Wow! I'm totally sold on this. This has got to be the best joint ever invented!


----------



## TX4PLAY (Jan 18, 2009)

Good find, thats interesting.


----------



## utu (Jul 19, 2009)

phreebsd said:


> Wow! I'm totally sold on this. This has got to be the best joint ever invented!
> 
> YouTube - Thompson new CV joint invention


 
I agree.. Would be a much better,stronger cv on our atvs.........:agreed:


----------



## phreebsd (Dec 16, 2004)

it would give back the power robbed by a big lift with steep axle angles!
heck longer axles themselves reduce torque.


----------



## hondarecoveryman (Feb 28, 2009)

That is amazing :bigok: Great find now we need to contact them with demensions


----------



## phreebsd (Dec 16, 2004)

For real. Just think.. No more cv boots and nasty grease.


----------



## bruteman (Dec 29, 2008)

I did I offered to sent them my old axle who knows what they might say


----------



## Guest (Aug 30, 2009)

That is pretty cool. Watching him stop that cv joint by just applying some angle was interesting to see. I bet they cost a pretty penny. LoL! Maybe no grease but i'd still want a boot to cover it.


----------



## hondarecoveryman (Feb 28, 2009)

Yeah you would have to keep the mud out with something


----------



## drtj (May 3, 2009)

where do we buy them? i am sold


----------



## CentralFloridaBrute (Feb 24, 2010)

All the break down of this is on the website attachment I posted.. I like that you found a video of them though, we can even put a light weigh boot cover on them to keep the heavy mud off but this would def. be a better design.
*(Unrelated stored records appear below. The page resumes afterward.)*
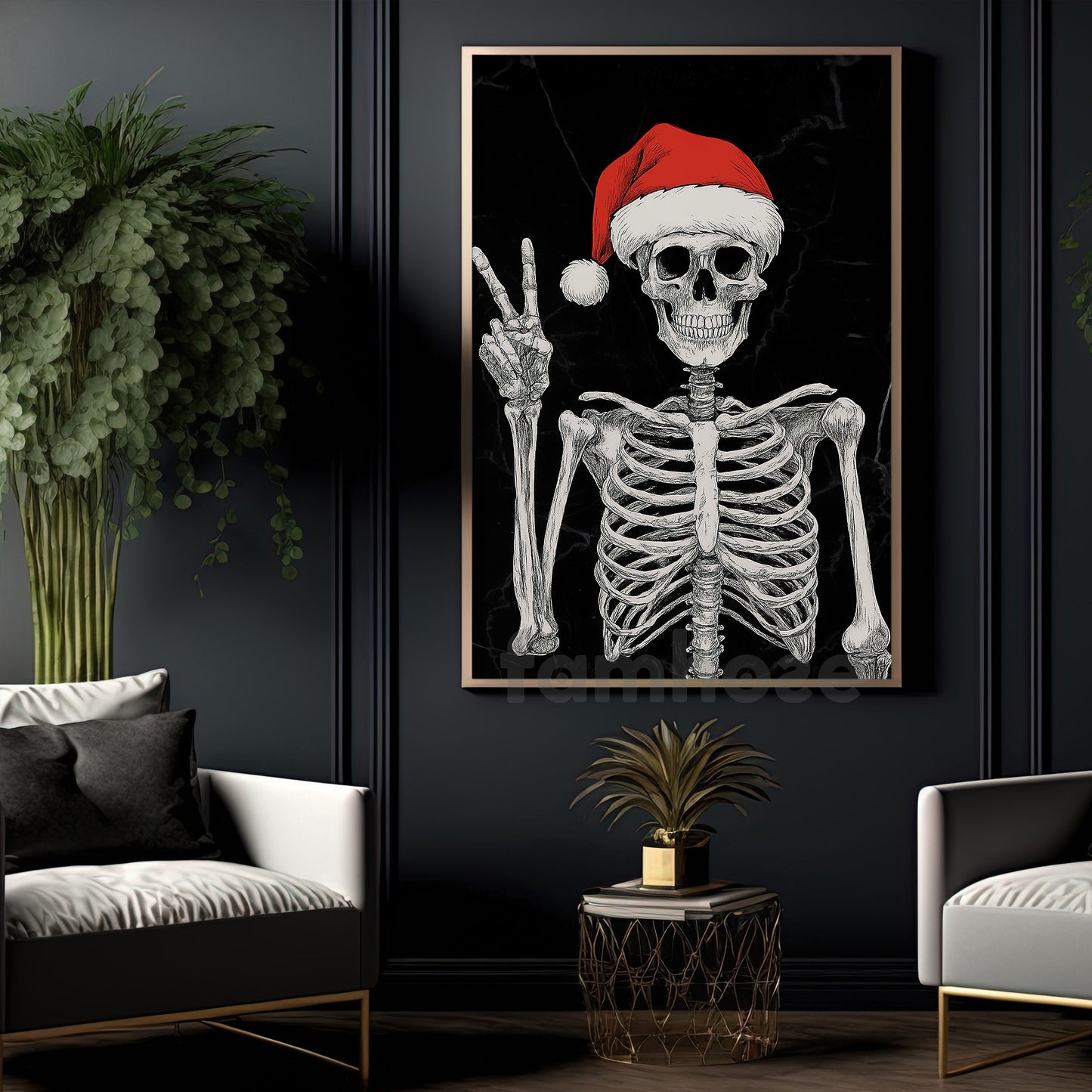 Funny Christmas Skeleton Canvas Painting, Skeleton Say Hi Wall Art Decor, Xmas Poster Gift For Skeleton Lovers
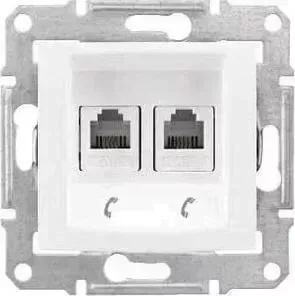 Розетка Schneider Electric телефонная 2xRJ11 Sedna SDN4201121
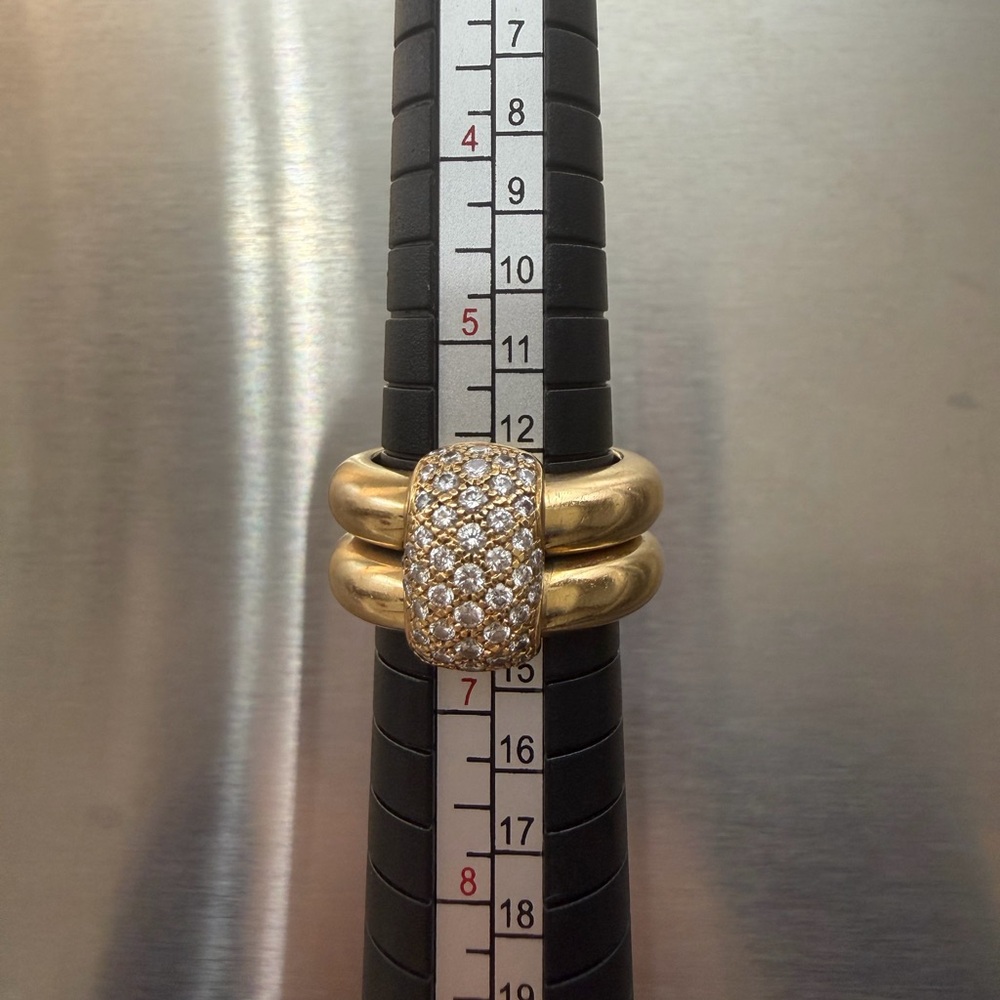 Rare Authentic Chaumet 18K gold ring with diamonds. 16g gold. High class jewelry - Picture 5 of 9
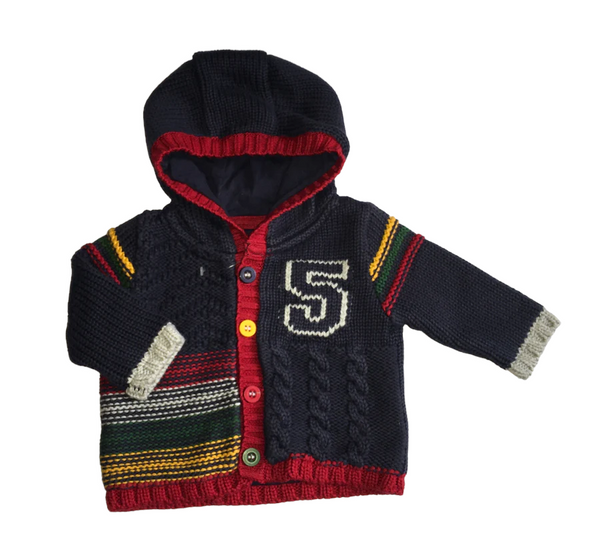 Mothercare Navy Chunky Knitted Hooded Cardigan with 5 Design - Boys 0-1m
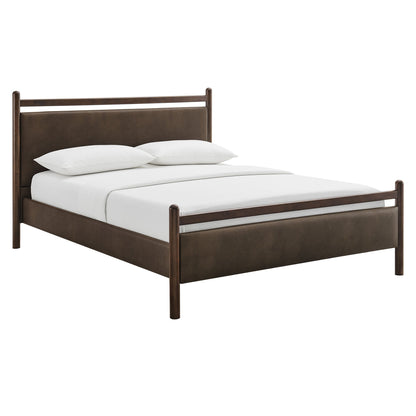 Ginny vegan leather platform bed frame by Modway in dark brown with padded headboard on Tampa Home & Garden Store
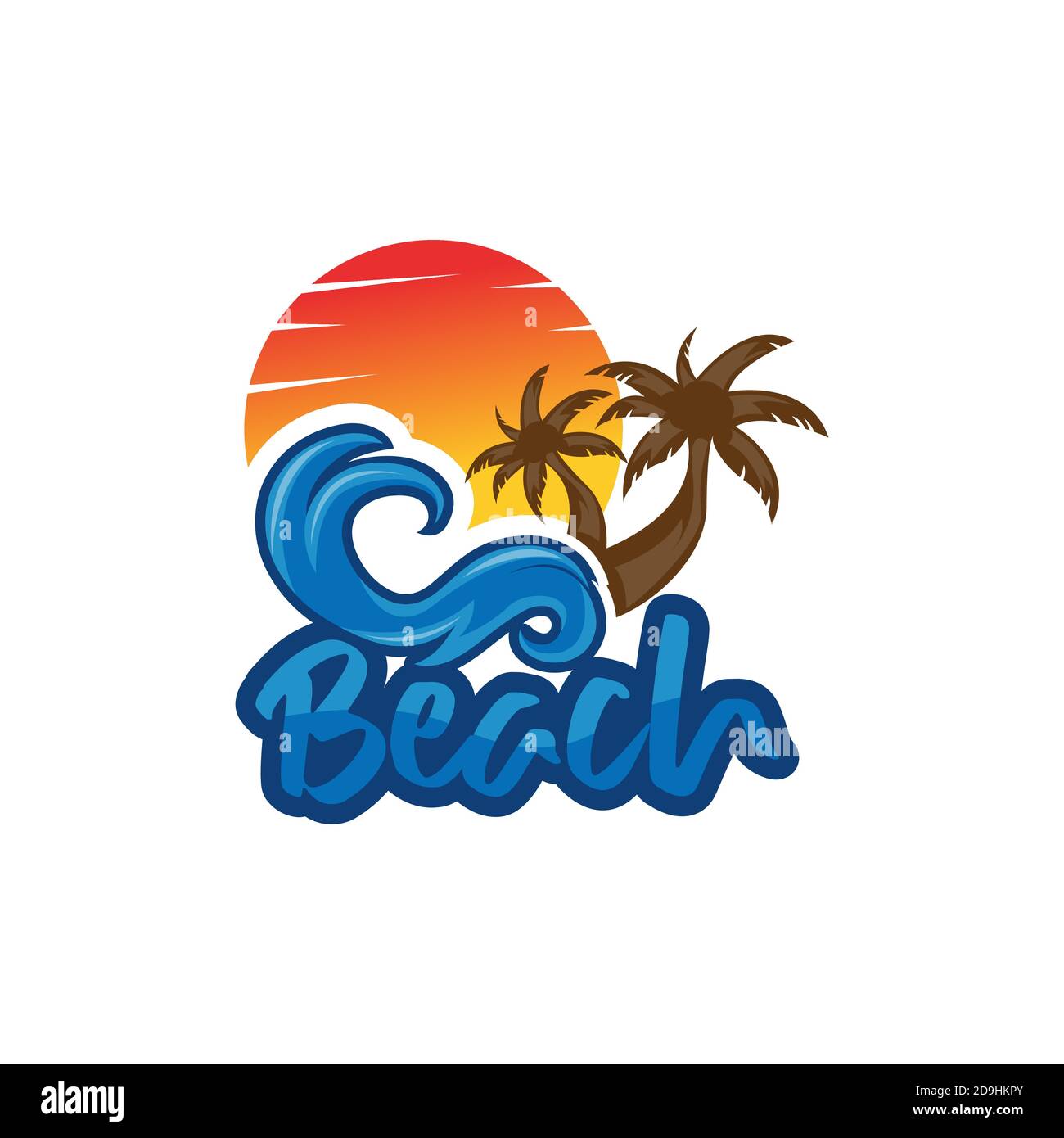 logo de plage et d'île, dessin vectoriel des icônes de plage circulaires.EPS 10 Illustration de Vecteur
Are there any of the sponsers that can make this product available and somewhat affordable.


----------



## RDs Neighbor (Jun 24, 2009)

Not to be pessimistic, but we can't get an oil seal made...much less a cv joint....lol


----------



## CentralFloridaBrute (Feb 24, 2010)

Aww come on man you gotta be optimistic... they can make them larger for trains and they run them on 3 rotor helicopters, Why cant it be possible to make it small for the ATV world.. It'd be a great product and if stronger than most modern CV joints and be able to give back lost power and more angle.. It'd sell!! Now if we can also do something about rear knuckles..maybe make them outta billet


----------



## NMKawierider (Apr 11, 2009)

I'm thinking group-buy!! We send them the specs..or one complete axle setup, they design & Fab...we buy in bulk through MIMB.


----------



## Guarino113 (Oct 3, 2009)

sounds like a plan


----------